In 1884 he published his second work, the pastiche The Anatomy of Tobacco, and secured work with the publisher and bookseller George Redway as a cataloguer and magazine editor. This led to further work as a translator from French, translating the Heptameron of Marguerite de Navarre, Le Moyen de Parvenir (Fantastic Tales) of Béroalde de Verville, and the Memoirs of Casanova. Machen's translations in a spirited English style became standard ones for many years.

Around 1890 Machen began to publish in literary magazines, writing stories influenced by the works of Robert Louis Stevenson, some of which used gothic or fantastic themes. This led to his first major success, The Great God Pan. It was published in 1894 by John Lane in the noted Keynotes Series, which was part of the growing aesthetic movement of the time. Machen's story was widely denounced for its sexual and horrific content and subsequently sold well, going into a second edition.

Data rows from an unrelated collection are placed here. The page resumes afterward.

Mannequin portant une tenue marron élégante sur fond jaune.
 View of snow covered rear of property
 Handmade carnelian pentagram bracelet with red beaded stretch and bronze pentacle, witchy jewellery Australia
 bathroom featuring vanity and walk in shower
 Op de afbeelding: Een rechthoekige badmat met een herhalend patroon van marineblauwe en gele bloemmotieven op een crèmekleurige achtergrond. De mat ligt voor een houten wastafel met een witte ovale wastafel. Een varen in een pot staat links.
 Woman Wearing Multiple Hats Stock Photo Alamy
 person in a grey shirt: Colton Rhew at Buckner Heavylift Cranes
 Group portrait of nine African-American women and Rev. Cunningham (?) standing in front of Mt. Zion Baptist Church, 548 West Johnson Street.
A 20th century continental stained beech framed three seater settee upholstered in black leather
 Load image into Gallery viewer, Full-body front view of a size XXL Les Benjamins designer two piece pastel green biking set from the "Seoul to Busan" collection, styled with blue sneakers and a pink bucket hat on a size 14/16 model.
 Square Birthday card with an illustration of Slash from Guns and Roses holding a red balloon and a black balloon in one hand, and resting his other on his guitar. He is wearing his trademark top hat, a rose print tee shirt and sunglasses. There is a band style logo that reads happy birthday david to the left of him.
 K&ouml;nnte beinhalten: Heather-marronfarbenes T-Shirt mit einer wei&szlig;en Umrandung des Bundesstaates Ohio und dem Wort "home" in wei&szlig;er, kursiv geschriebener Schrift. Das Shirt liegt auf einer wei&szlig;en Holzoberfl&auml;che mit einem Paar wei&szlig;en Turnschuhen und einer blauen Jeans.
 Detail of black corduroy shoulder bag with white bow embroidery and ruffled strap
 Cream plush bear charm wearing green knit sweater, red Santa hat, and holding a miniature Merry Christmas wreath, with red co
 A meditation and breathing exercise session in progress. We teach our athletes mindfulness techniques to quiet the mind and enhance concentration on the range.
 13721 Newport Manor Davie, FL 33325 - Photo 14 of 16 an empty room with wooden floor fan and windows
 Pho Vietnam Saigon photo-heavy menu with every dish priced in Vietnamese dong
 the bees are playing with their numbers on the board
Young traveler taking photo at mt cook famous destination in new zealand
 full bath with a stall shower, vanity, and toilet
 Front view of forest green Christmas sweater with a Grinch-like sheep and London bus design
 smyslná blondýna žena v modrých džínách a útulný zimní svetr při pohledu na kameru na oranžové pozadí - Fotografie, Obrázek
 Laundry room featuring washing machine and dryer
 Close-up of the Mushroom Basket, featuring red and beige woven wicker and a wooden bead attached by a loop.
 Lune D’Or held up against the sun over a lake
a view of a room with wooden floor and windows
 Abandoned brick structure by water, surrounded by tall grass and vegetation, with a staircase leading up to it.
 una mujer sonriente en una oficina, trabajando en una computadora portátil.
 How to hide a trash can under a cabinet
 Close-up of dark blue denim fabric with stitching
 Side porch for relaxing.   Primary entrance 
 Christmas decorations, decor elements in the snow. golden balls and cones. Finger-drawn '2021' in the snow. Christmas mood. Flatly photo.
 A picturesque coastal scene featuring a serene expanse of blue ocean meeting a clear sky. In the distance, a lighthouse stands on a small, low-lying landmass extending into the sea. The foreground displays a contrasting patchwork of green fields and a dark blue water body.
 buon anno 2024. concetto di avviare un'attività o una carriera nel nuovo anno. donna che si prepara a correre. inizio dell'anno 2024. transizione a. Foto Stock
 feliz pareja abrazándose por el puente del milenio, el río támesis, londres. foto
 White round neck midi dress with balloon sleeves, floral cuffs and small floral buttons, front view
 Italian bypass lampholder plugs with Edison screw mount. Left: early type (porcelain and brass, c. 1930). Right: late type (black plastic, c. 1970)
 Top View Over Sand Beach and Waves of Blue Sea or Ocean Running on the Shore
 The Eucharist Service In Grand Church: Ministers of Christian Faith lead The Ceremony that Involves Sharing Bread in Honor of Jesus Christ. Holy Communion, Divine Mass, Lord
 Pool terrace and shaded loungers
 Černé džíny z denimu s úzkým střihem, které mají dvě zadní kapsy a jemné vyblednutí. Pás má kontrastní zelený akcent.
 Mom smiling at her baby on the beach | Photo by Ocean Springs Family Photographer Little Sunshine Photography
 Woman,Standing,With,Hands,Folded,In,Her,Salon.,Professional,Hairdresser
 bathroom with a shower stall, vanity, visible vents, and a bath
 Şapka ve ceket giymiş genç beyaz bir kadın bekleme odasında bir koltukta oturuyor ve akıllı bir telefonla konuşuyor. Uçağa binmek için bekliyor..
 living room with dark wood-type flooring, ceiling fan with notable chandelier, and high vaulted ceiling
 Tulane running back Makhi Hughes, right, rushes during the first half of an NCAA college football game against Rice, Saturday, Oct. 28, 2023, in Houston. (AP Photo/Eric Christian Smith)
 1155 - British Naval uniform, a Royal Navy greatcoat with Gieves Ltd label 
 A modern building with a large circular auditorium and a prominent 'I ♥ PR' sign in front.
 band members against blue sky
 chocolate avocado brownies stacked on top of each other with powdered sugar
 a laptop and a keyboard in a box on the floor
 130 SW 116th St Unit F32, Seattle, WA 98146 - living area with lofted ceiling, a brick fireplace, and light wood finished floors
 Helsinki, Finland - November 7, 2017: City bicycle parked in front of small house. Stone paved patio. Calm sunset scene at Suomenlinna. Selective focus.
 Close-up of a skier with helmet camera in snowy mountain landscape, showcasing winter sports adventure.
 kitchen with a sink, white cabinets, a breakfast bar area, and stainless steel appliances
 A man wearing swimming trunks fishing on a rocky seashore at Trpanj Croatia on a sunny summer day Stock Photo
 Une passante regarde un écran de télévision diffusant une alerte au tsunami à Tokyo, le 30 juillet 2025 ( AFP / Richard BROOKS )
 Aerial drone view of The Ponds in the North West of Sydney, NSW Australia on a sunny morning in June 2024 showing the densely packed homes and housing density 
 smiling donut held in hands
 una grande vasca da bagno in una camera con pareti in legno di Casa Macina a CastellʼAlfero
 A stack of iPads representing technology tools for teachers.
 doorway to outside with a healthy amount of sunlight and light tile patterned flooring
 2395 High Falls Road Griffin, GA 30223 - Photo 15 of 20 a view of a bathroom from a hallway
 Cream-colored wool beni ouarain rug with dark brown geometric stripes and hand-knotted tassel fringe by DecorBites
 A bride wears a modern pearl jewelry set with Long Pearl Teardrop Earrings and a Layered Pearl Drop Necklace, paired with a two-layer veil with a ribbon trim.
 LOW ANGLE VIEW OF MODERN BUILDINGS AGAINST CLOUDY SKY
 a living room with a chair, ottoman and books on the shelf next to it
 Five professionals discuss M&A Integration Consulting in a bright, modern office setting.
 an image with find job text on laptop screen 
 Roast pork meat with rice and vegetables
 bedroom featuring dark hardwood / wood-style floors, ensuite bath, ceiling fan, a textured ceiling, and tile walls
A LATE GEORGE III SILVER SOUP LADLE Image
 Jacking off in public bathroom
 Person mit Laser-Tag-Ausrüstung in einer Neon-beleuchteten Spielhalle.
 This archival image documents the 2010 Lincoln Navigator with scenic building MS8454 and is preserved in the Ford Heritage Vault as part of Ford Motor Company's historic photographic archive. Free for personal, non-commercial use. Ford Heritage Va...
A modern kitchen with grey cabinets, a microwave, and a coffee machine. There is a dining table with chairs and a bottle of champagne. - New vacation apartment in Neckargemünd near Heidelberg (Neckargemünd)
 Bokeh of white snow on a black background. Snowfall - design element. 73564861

Machen next produced The Three Impostors, a novel composed of a number of interwoven tales, in 1895. The novel and the stories within it were eventually to be regarded as among Machen's best works. However, following the scandal surrounding Oscar Wilde later that year, Machen's association with works of decadent horror made it difficult for him to find a publisher for new works. Thus, though he would write some of his greatest works over the next few years, some were published much later. These included The Hill of Dreams, Hieroglyphics, A Fragment of Life, the story The White People, and the stories which make up Ornaments in Jade.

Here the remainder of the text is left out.